■ RECORDS FOR THE TASK:
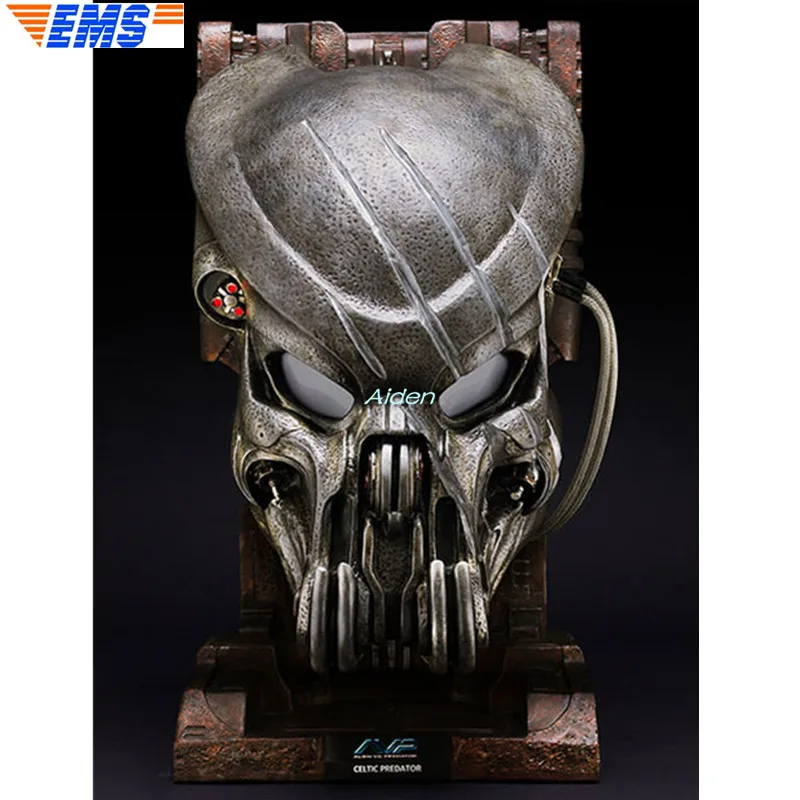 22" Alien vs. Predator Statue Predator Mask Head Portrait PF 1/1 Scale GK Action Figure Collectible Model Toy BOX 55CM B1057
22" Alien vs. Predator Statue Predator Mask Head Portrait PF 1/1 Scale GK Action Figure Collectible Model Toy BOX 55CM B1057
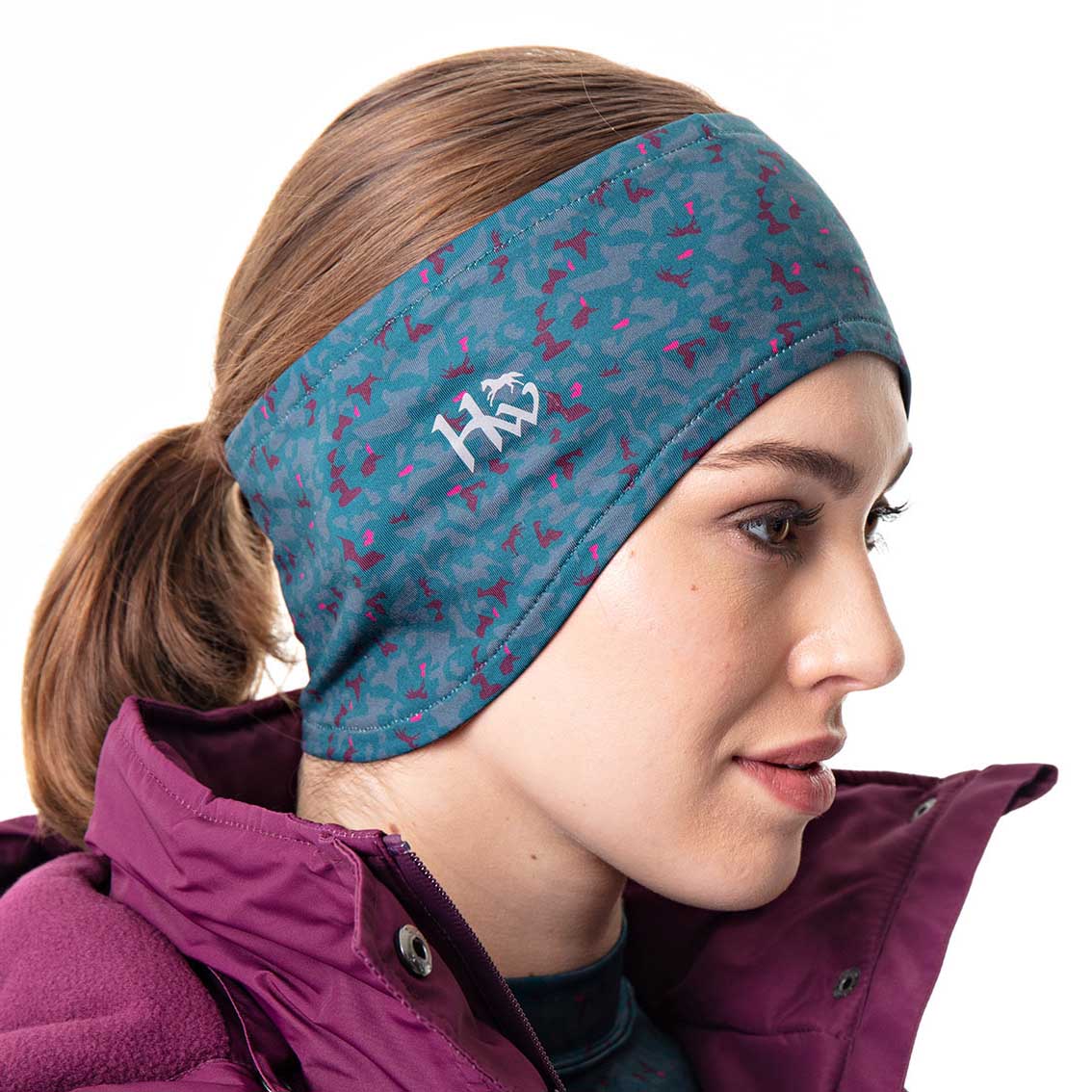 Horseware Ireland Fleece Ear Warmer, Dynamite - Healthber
==
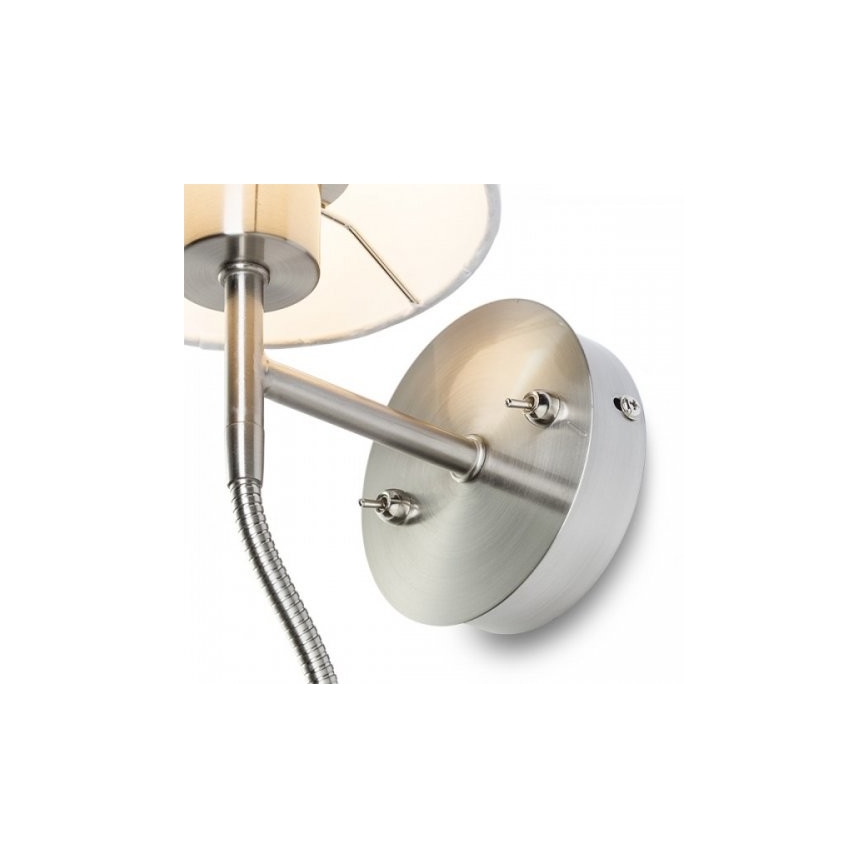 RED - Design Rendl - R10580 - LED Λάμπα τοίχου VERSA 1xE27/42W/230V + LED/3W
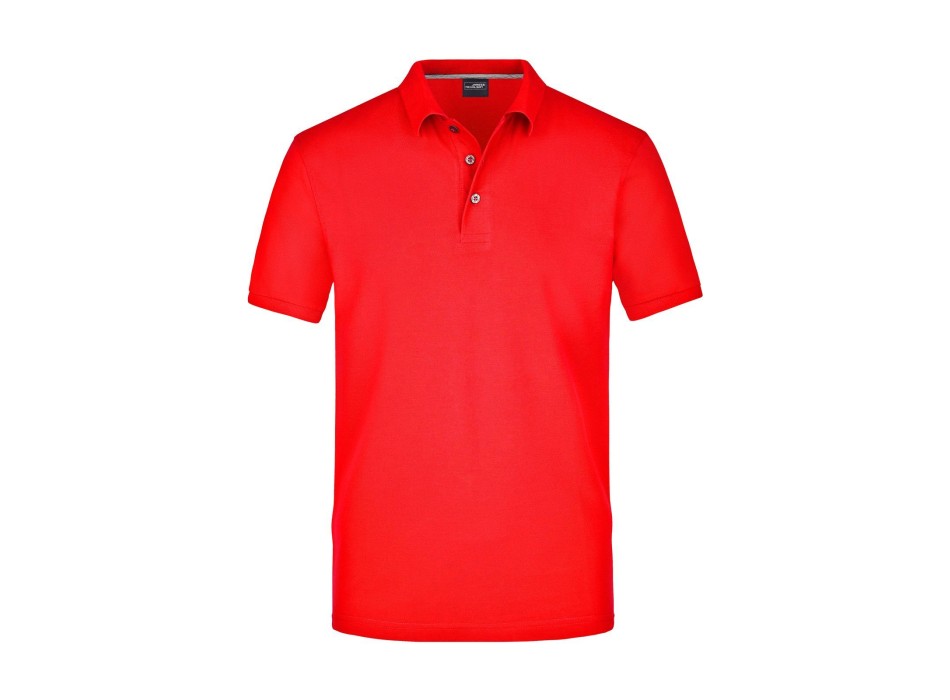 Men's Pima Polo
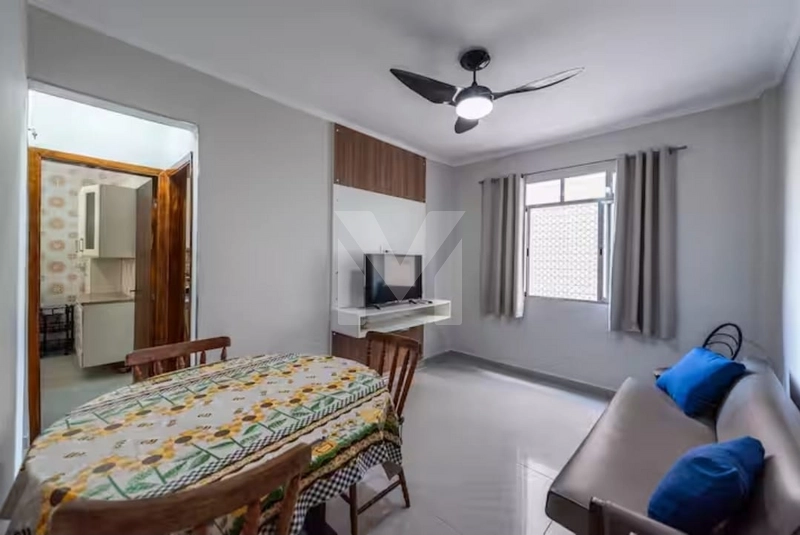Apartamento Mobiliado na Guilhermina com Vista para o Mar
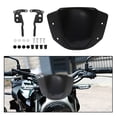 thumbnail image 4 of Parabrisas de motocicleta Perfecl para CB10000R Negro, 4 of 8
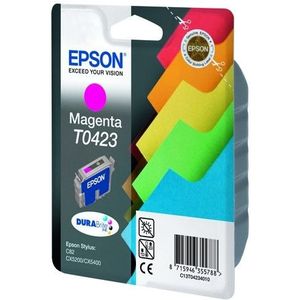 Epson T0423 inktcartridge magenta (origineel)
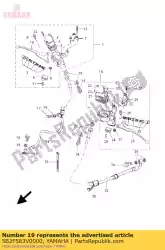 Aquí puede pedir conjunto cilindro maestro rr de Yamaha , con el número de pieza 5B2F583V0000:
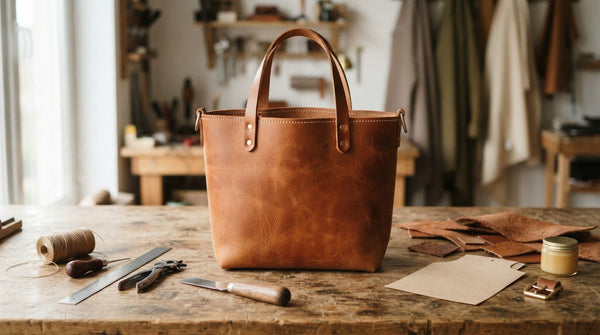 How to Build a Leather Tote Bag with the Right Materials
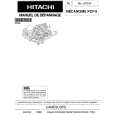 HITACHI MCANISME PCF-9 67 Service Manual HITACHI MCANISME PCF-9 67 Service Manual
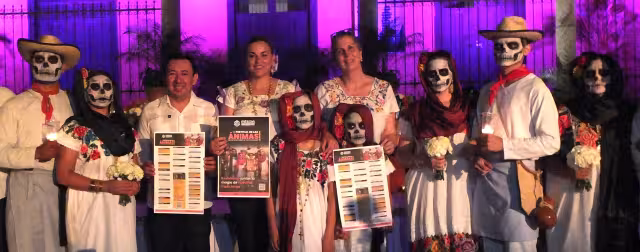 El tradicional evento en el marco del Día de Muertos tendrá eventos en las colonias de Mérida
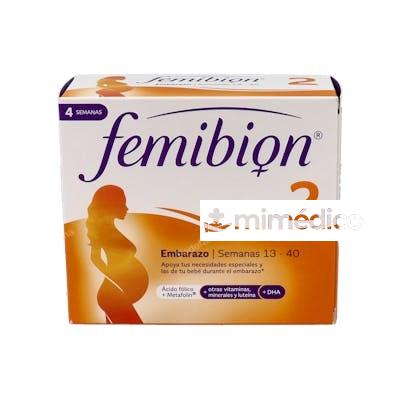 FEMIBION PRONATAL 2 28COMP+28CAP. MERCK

■ EXERCISE INSTRUCTIONS: Among the entries above, take the line with "Men's Pima Polo", the line with "Aquí puede pedir", and all the lines between them, and restate them word for word without pictures.

■ TASK ANSWER:
 Men's Pima Polo
Apartamento Mobiliado na Guilhermina com Vista para o Mar
 thumbnail image 4 of Parabrisas de motocicleta Perfecl para CB10000R Negro, 4 of 8
 Epson T0423 inktcartridge magenta (origineel)
 Aquí puede pedir conjunto cilindro maestro rr de Yamaha , con el número de pieza 5B2F583V0000:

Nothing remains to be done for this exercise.